L’OCDE craint une «stagnation à long terme» de l'économie mondiale

La croissance de l’économie mondiale n’atteindrait pas 3% l’an prochain, mais devrait rester au rythme de 2,9%.
Photo: Getty Images La croissance de l’économie mondiale n’atteindrait pas 3% l’an prochain, mais devrait rester au rythme de 2,9%.

L’économie mondiale ne devrait finalement pas se ressaisir l’an prochain ni de manière franche en 2021, toujours refroidie par les tensions commerciales, le Brexit et le ralentissement chinois. Face à ces risques, sans doute appelés à durer, l’Organisation de coopération et de développement économiques (OCDE) appelle les États à réagir vite.

Contrairement à ce qu’elle indiquait encore en septembre, l’institution internationale basée à Paris a estimé jeudi que la croissance de l’économie mondiale n’atteindrait pas 3 % l’an prochain, mais devrait rester au rythme de 2,9 % déjà attendu pour cette année. « Nous sommes dans une période inquiétante.
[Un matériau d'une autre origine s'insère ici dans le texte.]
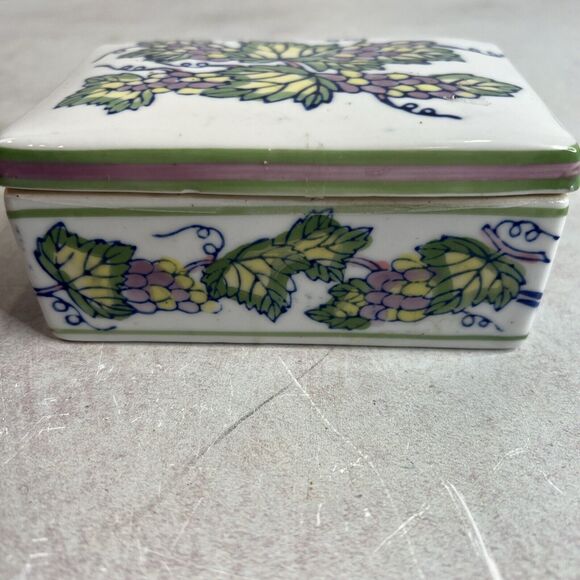 Fifth Avenue Crystal LTD Porcelain Lidded Trinket Jewelry Box Grape Leaf Pattern - Picture 5 of 12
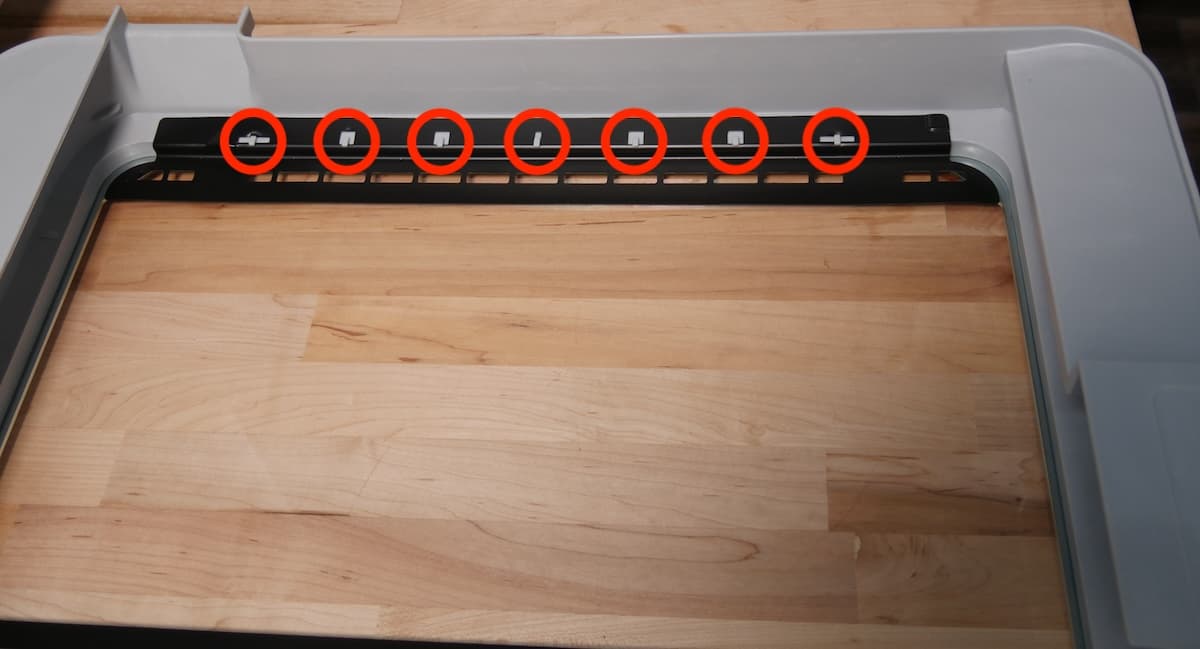 Form 4L resin tank wear strip mount points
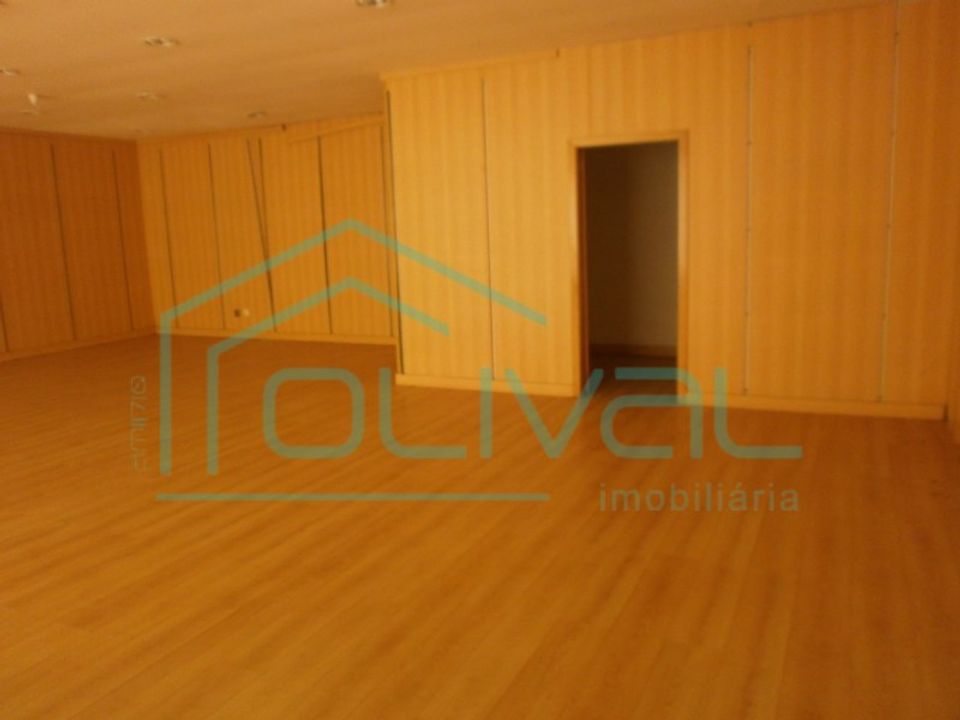 Erhvervsejendom i Samora Correia, Santarem - foto 3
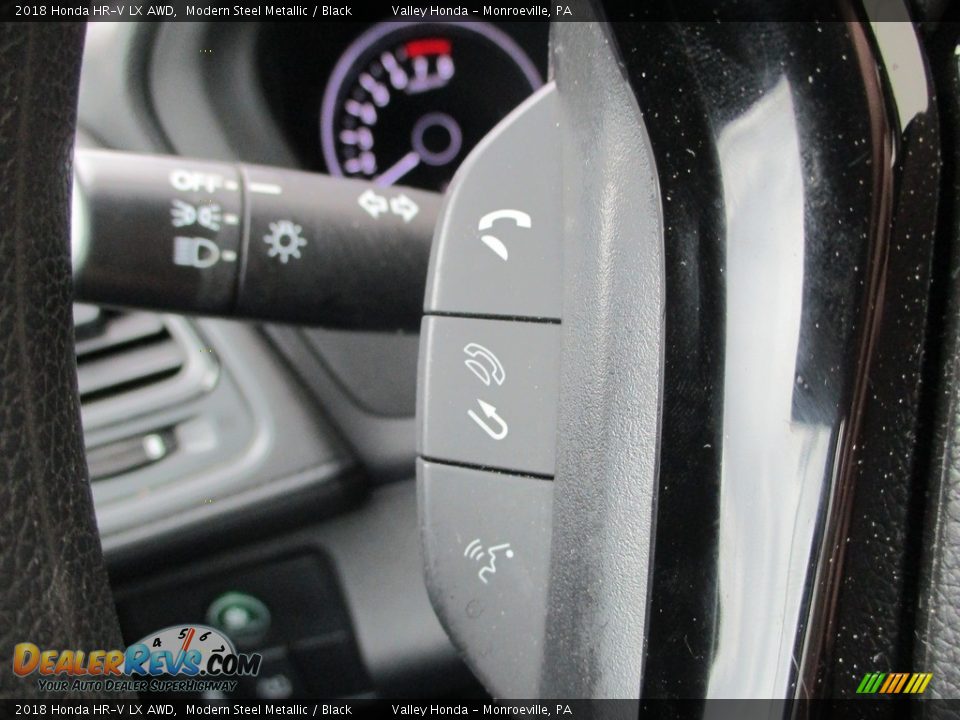 Controls of 2018 Honda HR-V LX AWD Photo #18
Et les responsables politiques devraient être inquiets », a prévenu sans ambages la cheffe économiste de l’OCDE, Laurence Boone, lors d’une conférence de presse.

Car même si l’organisation anticipe une légère reprise en 2021 avec une progression de 3 % du PIB mondial, « ces taux de croissance sont les plus bas depuis la crise financière », note-t-elle, pointant la menace d’un « risque de stagnation à long terme ».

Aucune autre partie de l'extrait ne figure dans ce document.